Bill targeting H1B visas reintroduced in US Congress - marvindanig
http://www.deccanherald.com/content/589917/bill-targeting-h1b-visas-reintroduced.html
======
smb06
Minimum salary requirement raised to $100,000 which means the end of any hopes
for those graduating from US colleges to get a job in the US, if the bill
passes.

You aren't going to get $100,000 salary with just a Bachelor's degree straight
out of college even in Bay Area, let alone in the rest of the US

This will adversely affect the talent pool that American companies can hire
and will almost certainly negatively impact the productivity of tech companies
who rely on anywhere between 25-40% of their tech workforce from other
countries especially those graduating from US colleges.

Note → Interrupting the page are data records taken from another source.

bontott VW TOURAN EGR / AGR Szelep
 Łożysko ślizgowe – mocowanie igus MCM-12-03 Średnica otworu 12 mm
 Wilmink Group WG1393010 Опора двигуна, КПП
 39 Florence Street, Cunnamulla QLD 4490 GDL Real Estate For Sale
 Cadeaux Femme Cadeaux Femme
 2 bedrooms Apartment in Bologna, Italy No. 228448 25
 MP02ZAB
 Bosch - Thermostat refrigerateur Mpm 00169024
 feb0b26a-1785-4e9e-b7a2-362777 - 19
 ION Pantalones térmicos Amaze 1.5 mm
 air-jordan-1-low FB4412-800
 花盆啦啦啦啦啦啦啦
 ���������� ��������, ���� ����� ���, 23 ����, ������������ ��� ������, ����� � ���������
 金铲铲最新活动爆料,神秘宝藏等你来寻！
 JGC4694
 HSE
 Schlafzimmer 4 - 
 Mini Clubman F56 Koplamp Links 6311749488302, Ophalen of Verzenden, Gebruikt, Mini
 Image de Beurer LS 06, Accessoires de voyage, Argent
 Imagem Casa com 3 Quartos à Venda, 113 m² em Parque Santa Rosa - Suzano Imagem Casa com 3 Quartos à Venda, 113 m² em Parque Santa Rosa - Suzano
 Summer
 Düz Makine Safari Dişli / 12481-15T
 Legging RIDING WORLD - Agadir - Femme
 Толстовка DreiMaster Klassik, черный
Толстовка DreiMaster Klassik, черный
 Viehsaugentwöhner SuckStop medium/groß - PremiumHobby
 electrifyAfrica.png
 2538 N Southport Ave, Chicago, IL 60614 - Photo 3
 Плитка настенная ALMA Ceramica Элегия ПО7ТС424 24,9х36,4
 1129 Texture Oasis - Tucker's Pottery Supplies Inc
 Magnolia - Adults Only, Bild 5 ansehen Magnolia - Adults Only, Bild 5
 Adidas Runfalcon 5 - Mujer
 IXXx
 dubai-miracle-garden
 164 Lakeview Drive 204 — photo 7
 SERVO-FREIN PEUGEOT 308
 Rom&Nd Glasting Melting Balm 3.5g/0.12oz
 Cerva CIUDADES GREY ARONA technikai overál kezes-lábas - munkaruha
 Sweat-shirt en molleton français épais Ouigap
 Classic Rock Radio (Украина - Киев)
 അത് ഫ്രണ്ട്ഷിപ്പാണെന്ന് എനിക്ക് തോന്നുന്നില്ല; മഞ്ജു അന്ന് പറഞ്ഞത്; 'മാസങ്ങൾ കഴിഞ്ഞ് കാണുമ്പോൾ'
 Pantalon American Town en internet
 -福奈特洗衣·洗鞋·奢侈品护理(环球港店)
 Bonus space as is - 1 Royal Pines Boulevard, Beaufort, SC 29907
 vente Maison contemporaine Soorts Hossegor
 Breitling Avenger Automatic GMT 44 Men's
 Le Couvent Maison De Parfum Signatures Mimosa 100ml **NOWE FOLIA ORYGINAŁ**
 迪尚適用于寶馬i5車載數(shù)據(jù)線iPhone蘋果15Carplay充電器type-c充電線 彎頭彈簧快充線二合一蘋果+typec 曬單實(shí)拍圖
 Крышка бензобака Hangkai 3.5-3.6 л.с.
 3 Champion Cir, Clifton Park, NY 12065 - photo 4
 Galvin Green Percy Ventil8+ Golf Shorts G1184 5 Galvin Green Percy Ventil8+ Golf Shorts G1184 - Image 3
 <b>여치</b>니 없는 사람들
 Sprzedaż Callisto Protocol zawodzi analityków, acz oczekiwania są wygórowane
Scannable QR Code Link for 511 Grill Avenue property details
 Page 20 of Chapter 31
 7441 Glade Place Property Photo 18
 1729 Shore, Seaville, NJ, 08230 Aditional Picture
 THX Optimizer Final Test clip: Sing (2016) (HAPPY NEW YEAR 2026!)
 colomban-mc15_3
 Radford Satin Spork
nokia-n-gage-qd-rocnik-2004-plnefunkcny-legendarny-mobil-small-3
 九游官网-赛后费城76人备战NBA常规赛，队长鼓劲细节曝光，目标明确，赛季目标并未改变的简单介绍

There is also a provision to eliminate the Master's degree exemption meaning
that the same pool of 65,000 (or so) visas will now be competed for by an even
bigger group of candidates. Obviously those with Master's degrees will command
a higher salary than those without. It still won't reach $100,000 even with a
Master's degree.

Long term effect will mean that if students cannot find jobs that can pay them
$100,000 with a Bachelor's or Master's degree (and they won't) then they will
stop coming to US universities. By restricting the best talent from coming to
US, leaning and contributing to its academic system, it will definitely
negatively impact the US education system.

I hope lawmakers have the sense to reject this bill but we've seen worse.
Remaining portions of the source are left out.